■ Raw data
------------

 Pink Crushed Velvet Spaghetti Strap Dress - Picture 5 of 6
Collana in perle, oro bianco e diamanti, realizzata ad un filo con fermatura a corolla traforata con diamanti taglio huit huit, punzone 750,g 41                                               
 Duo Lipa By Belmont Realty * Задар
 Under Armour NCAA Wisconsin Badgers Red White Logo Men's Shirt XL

------------

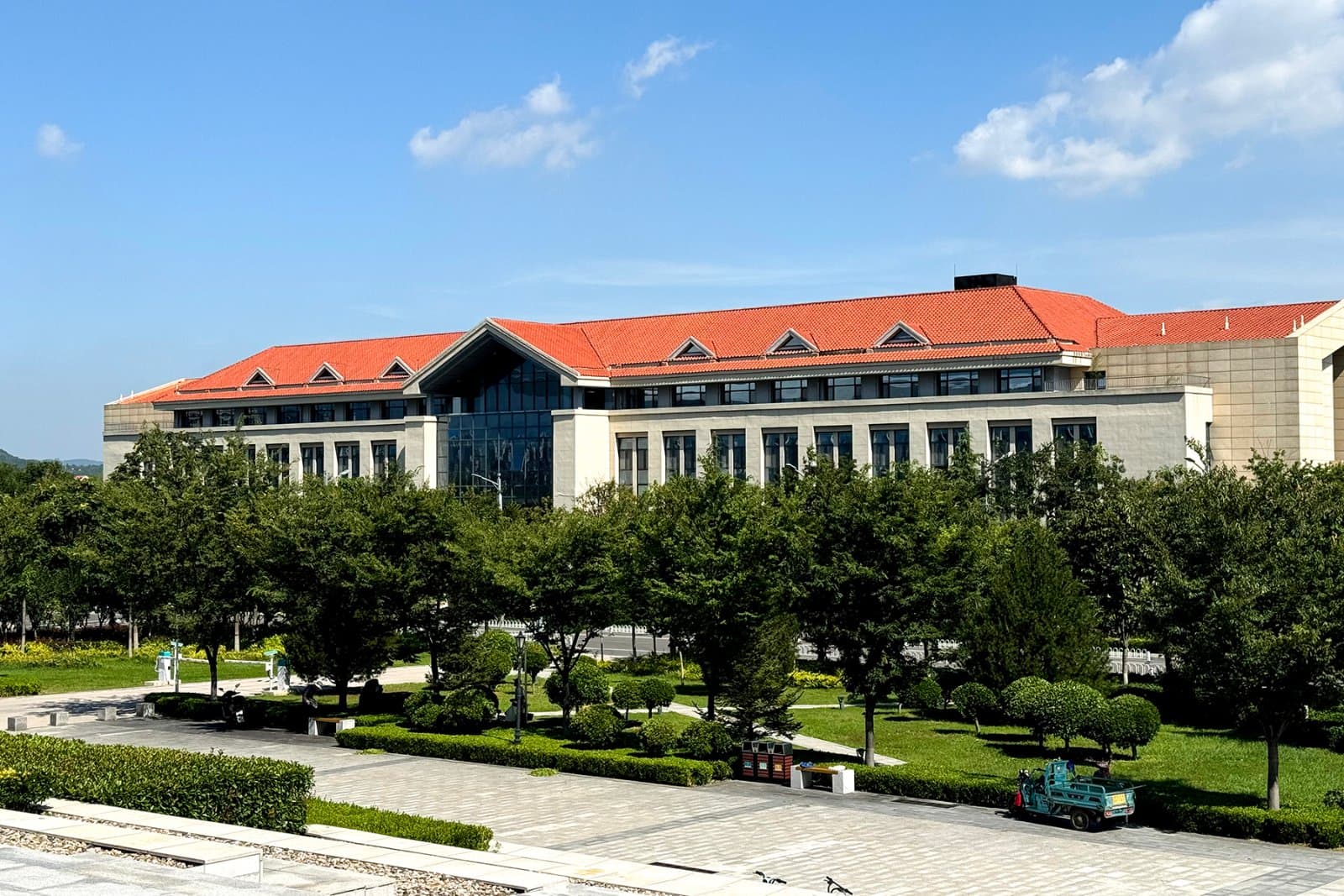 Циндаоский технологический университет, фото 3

------------

■ Your goal
Using the data above, reproduce exactly the lines from the line that contains "Duo Lipa By Belmont Realty * Задар" through the line that contains "Under Armour NCAA", including both.

■ Output for this exercise
 Duo Lipa By Belmont Realty * Задар
 Under Armour NCAA Wisconsin Badgers Red White Logo Men's Shirt XL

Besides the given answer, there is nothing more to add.